- Brief: Below this line are records; transcribe exactly the lines between the one holding "595440 Eaton Place" and the one holding "Luce un natural", inclusive, and omit the pictures.

- Material for this exercise:
═══

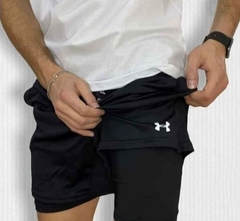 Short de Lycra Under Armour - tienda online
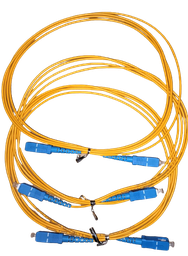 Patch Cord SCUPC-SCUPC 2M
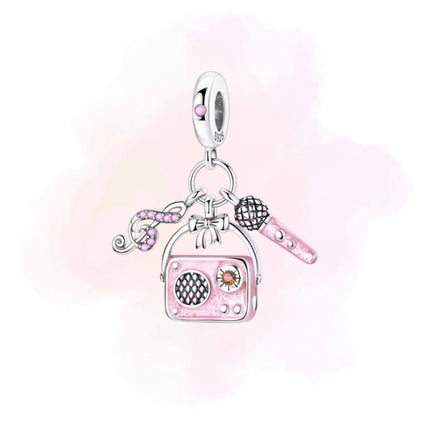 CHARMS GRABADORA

═══

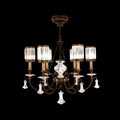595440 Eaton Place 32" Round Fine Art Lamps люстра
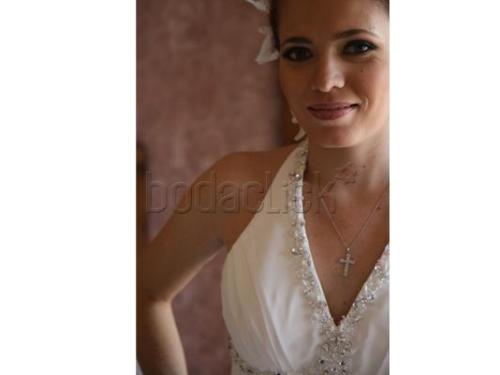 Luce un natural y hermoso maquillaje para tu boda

═══

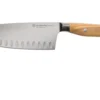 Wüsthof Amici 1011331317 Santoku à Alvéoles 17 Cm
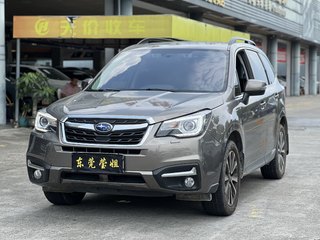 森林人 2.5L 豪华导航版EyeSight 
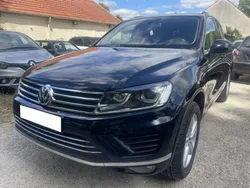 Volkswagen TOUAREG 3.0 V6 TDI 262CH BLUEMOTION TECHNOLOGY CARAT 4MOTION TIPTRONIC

═══

- Solution to the exercise:
595440 Eaton Place 32" Round Fine Art Lamps люстра
 Luce un natural y hermoso maquillaje para tu boda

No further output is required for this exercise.